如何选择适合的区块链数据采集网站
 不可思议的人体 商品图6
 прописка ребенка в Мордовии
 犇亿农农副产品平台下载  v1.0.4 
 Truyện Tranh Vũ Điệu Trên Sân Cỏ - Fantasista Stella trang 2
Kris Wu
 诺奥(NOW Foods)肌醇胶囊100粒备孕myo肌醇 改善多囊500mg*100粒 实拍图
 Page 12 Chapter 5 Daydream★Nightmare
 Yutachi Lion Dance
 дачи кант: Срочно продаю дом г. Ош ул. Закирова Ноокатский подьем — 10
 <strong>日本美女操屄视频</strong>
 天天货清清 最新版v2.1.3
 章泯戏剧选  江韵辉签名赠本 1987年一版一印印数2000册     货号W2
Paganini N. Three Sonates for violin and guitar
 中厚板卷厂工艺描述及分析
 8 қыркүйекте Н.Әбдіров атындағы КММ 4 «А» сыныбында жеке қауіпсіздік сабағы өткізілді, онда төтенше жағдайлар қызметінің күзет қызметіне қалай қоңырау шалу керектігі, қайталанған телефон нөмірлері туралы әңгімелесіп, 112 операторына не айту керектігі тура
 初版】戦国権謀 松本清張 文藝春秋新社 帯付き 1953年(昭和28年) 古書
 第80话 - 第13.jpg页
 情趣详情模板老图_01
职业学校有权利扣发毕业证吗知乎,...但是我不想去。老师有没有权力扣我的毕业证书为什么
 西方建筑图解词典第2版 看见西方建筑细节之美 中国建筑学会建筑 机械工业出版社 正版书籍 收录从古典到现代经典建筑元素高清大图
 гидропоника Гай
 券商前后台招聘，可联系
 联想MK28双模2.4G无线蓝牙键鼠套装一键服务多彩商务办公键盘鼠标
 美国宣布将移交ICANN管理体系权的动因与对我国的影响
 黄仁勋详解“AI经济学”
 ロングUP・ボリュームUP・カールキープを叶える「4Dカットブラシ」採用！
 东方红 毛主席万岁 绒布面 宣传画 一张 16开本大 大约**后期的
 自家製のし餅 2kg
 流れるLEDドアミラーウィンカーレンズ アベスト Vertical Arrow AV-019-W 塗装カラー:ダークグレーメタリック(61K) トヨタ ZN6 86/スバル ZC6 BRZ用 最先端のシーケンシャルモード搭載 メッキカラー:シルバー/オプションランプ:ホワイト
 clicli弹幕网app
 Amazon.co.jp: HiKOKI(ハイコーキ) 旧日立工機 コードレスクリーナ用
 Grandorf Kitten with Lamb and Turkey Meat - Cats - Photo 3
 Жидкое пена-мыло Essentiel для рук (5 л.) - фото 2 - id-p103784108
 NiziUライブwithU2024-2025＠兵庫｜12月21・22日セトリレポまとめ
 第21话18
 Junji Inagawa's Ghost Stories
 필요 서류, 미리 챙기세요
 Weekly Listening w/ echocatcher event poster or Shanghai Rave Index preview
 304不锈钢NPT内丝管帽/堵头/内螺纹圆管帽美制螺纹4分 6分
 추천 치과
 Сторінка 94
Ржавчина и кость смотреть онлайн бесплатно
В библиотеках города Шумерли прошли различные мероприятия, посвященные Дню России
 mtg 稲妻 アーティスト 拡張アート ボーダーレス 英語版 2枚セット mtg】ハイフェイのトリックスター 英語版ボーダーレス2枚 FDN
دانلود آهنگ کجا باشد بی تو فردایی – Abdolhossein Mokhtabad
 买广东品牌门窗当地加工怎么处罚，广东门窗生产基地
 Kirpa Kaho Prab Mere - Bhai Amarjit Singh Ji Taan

=-=-=

What the task requires
Everything in the records should be written out again exactly.

Answer box
如何选择适合的区块链数据采集网站
 不可思议的人体 商品图6
 прописка ребенка в Мордовии
 犇亿农农副产品平台下载  v1.0.4 
 Truyện Tranh Vũ Điệu Trên Sân Cỏ - Fantasista Stella trang 2
Kris Wu
 诺奥(NOW Foods)肌醇胶囊100粒备孕myo肌醇 改善多囊500mg*100粒 实拍图
 Page 12 Chapter 5 Daydream★Nightmare
 Yutachi Lion Dance
 дачи кант: Срочно продаю дом г. Ош ул. Закирова Ноокатский подьем — 10
 <strong>日本美女操屄视频</strong>
 天天货清清 最新版v2.1.3
 章泯戏剧选  江韵辉签名赠本 1987年一版一印印数2000册     货号W2
Paganini N. Three Sonates for violin and guitar
 中厚板卷厂工艺描述及分析
 8 қыркүйекте Н.Әбдіров атындағы КММ 4 «А» сыныбында жеке қауіпсіздік сабағы өткізілді, онда төтенше жағдайлар қызметінің күзет қызметіне қалай қоңырау шалу керектігі, қайталанған телефон нөмірлері туралы әңгімелесіп, 112 операторына не айту керектігі тура
 初版】戦国権謀 松本清張 文藝春秋新社 帯付き 1953年(昭和28年) 古書
 第80话 - 第13.jpg页
 情趣详情模板老图_01
职业学校有权利扣发毕业证吗知乎,...但是我不想去。老师有没有权力扣我的毕业证书为什么
 西方建筑图解词典第2版 看见西方建筑细节之美 中国建筑学会建筑 机械工业出版社 正版书籍 收录从古典到现代经典建筑元素高清大图
 гидропоника Гай
 券商前后台招聘，可联系
 联想MK28双模2.4G无线蓝牙键鼠套装一键服务多彩商务办公键盘鼠标
 美国宣布将移交ICANN管理体系权的动因与对我国的影响
 黄仁勋详解“AI经济学”
 ロングUP・ボリュームUP・カールキープを叶える「4Dカットブラシ」採用！
 东方红 毛主席万岁 绒布面 宣传画 一张 16开本大 大约**后期的
 自家製のし餅 2kg
 流れるLEDドアミラーウィンカーレンズ アベスト Vertical Arrow AV-019-W 塗装カラー:ダークグレーメタリック(61K) トヨタ ZN6 86/スバル ZC6 BRZ用 最先端のシーケンシャルモード搭載 メッキカラー:シルバー/オプションランプ:ホワイト
 clicli弹幕网app
 Amazon.co.jp: HiKOKI(ハイコーキ) 旧日立工機 コードレスクリーナ用
 Grandorf Kitten with Lamb and Turkey Meat - Cats - Photo 3
 Жидкое пена-мыло Essentiel для рук (5 л.) - фото 2 - id-p103784108
 NiziUライブwithU2024-2025＠兵庫｜12月21・22日セトリレポまとめ
 第21话18
 Junji Inagawa's Ghost Stories
 필요 서류, 미리 챙기세요
 Weekly Listening w/ echocatcher event poster or Shanghai Rave Index preview
 304不锈钢NPT内丝管帽/堵头/内螺纹圆管帽美制螺纹4分 6分
 추천 치과
 Сторінка 94
Ржавчина и кость смотреть онлайн бесплатно
В библиотеках города Шумерли прошли различные мероприятия, посвященные Дню России
 mtg 稲妻 アーティスト 拡張アート ボーダーレス 英語版 2枚セット mtg】ハイフェイのトリックスター 英語版ボーダーレス2枚 FDN
دانلود آهنگ کجا باشد بی تو فردایی – Abdolhossein Mokhtabad
 买广东品牌门窗当地加工怎么处罚，广东门窗生产基地
 Kirpa Kaho Prab Mere - Bhai Amarjit Singh Ji Taan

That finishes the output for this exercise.